Source records
++++++++++++++++++++
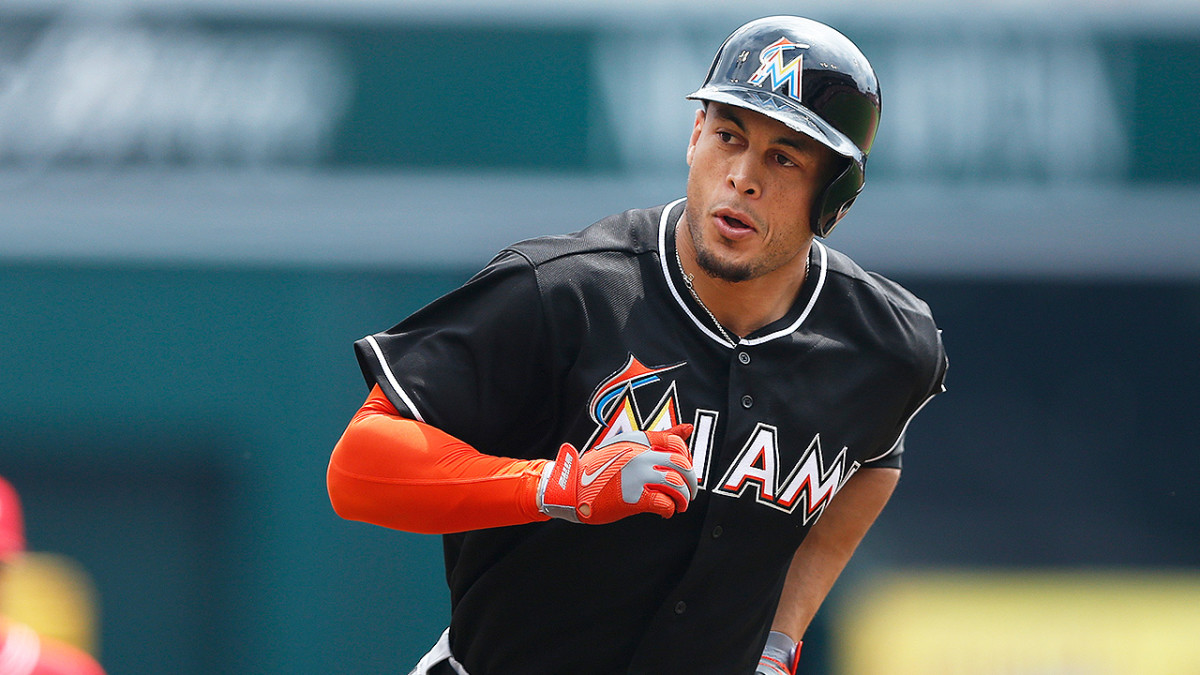 Marlins outfielder Giancarlo Stanton heads to disabled list - ABC7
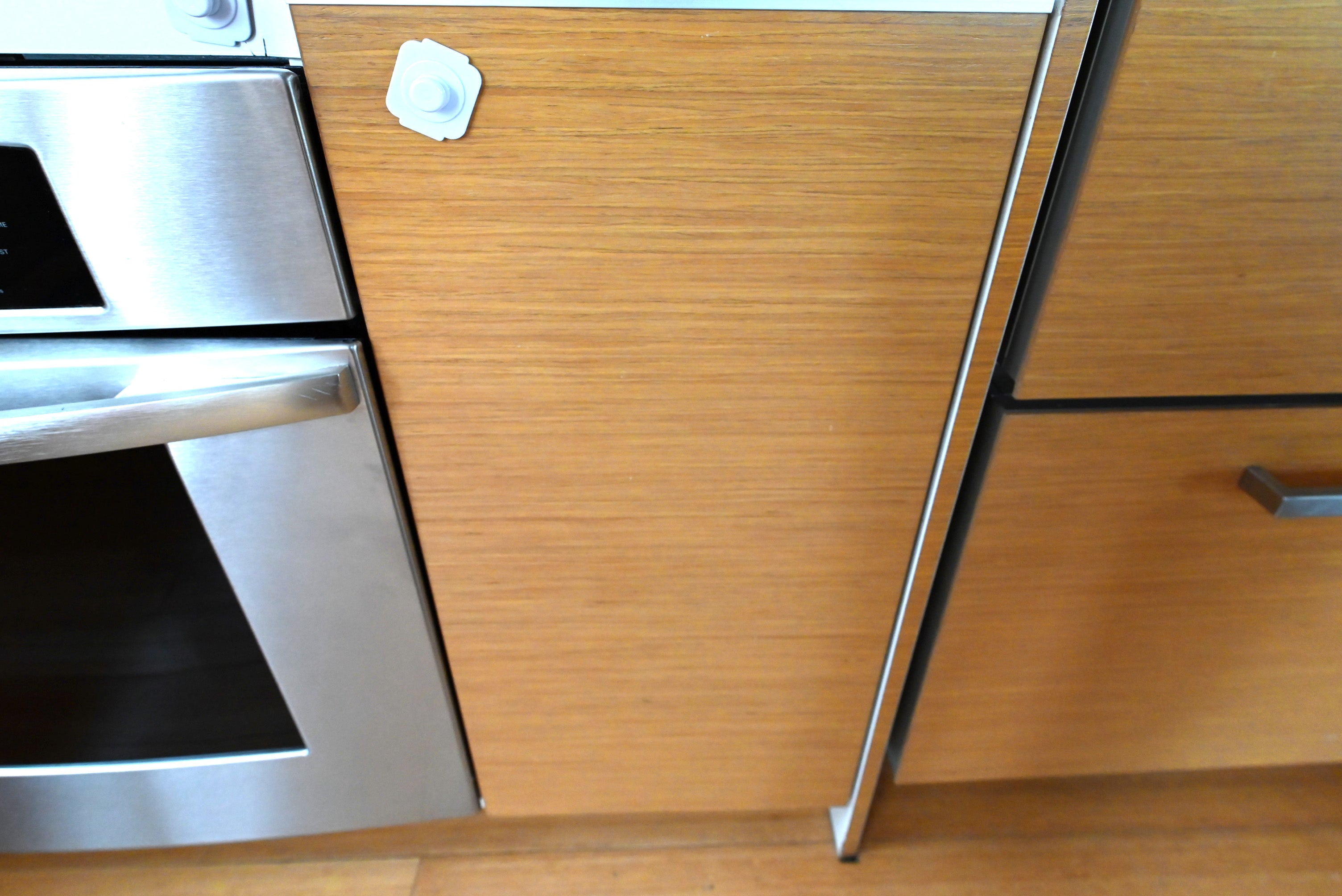 Schiffini Graham Cracker Pie Modern Pre-Owned Kitchen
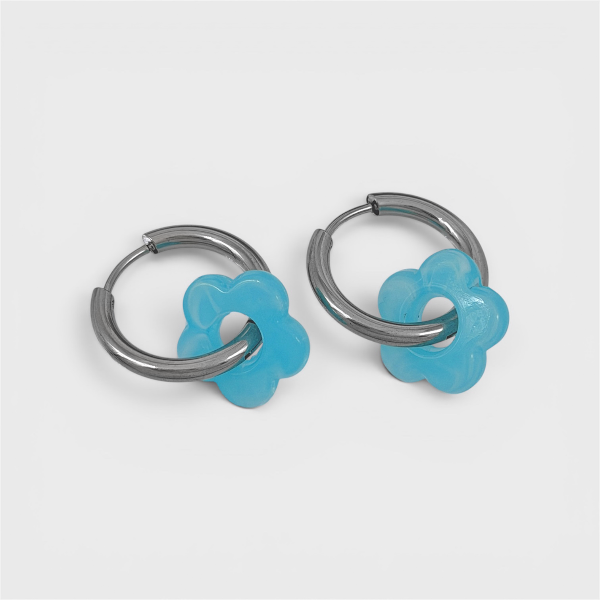 Producto - Argollas de acero quirúrgico con dije - 1.7cm - Flor - Celeste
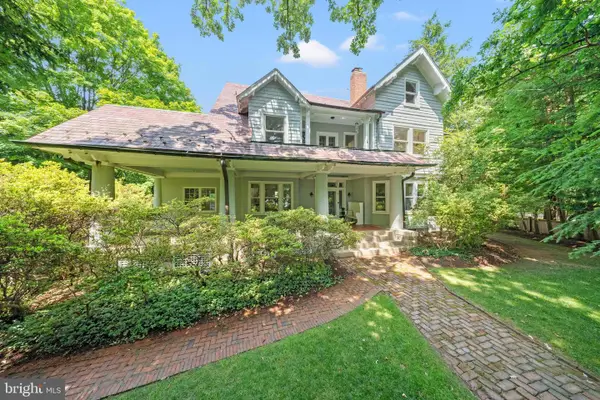 5 Chevy Chase Cir, CHEVY CHASE, MD 20815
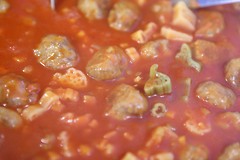 Hjemmelaget tomatsuppe med kjøttboller og pasta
++++++++++++++++++++
→ Work to be completed: Repeat each record exactly as shown above, dropping all images.

→ Answer section:
 Marlins outfielder Giancarlo Stanton heads to disabled list - ABC7
 Schiffini Graham Cracker Pie Modern Pre-Owned Kitchen
 Producto - Argollas de acero quirúrgico con dije - 1.7cm - Flor - Celeste
 5 Chevy Chase Cir, CHEVY CHASE, MD 20815
 Hjemmelaget tomatsuppe med kjøttboller og pasta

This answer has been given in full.